I have a question regarding paired analysis in the Limma package. I am analyzing Illumina methylation arrays of paired tumor samples from two different sites. I came up with the following script to analyze the data, which I put together from old scripts I found in our lab. But there is something that bothers me, I do not understand why the design matrix has an intercept that is forced to 0. From a lecture on linear models I remembered that forcing the intercept to 0 is bad practice in many cases, but I'm not sure if I'm missing the point here? The results are substantially different between r~0+Location+Pairs
and r~Location+Pairs
.
# this is the factor of interest
Location <- factor(pd$Sample_Group, levels = c("M","P"))
# the individual effect, each pair is a subject
Pairs <- factor(pd$Pair)
# design matrix
design <- model.matrix(~0+Location+Pairs, data=pd)
colnames(design) <- c(levels(Location ),levels(Pairs)[-1])
# fit the linear model
fit <- lmFit(Beta_To_M(myCombatLimma), design)

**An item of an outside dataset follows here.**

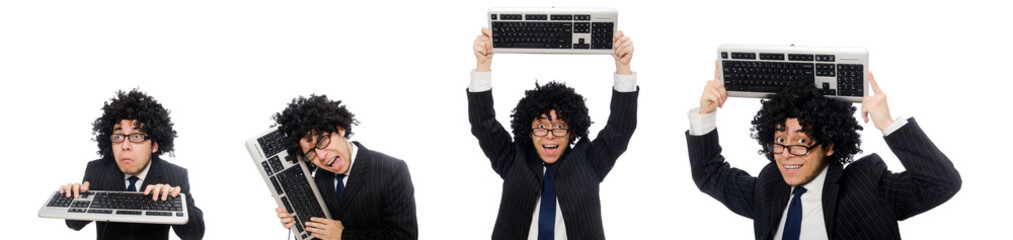 Young employee with keyboard isolated on white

# create a contrast matrix for specific comparisons
contMatrix <- makeContrasts(P-M, levels=design)
# fit the contrasts, estimate sample-variance, compute moderated t-statistics
fit2 <- contrasts.fit(fit, contMatrix)
fit2 <- eBayes(fit2)
# get the table of results for the first contrast (Primary - Met)
PairWise_DMPs <- topTable(fit2,
num=Inf,
coef=1,
genelist=ann450kSub,
adjust.method = "BH",
p.value = 0.05)
Gordon Smyth I'm sorry to reawaken this thread, but I am still confused about the parametrization of the design matrix for paired analysis in Limma. Is my code above correct for the analysis of the pairwise difference between primary (P) and metastasis (M)? One thing that bugs me, is that by adding the 0 in my design matrix (
~0+Location+Pairs
), I lose the column of my first pair. I'm still not totally convinced that I'm doing the right thing, especially since I found a plethora of slight variation of how to do the pairwise analysis that I got confused.Your design matrix and contrast is fine.

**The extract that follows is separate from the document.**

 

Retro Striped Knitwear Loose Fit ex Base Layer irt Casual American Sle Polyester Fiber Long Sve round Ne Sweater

On the other hand, running Combat to remove a batch effect and then feeding the results into limma as if the data hasn't been corrected is both wrong and unnecessary. (If that is what you are doing -- I am reacting the data object called Combat.)
Thank you very much for the clarification! Yes, indeed, that was my intention. I am using ComBat as it is part of the ChAMP pipeline to correct for the batch effect of the bead chips, since our data was collected over a rather long period of time. What exactly is the problem with using Limma on ComBat-corrected beta values? As far as I know, ChAMP also uses Limma's linear model framework for the analysis of differentially methylated probes. I decided to use Limma directly since ChAMP does not allow pairwise design.
Batch correction is almost certainly unnecessary for a paired design because it is corrected for by the pairing.
There are many posts on this forum about the problems of naive use of Combat followed by limma, and also published papers:
Thanks a lot for your help and advice!!!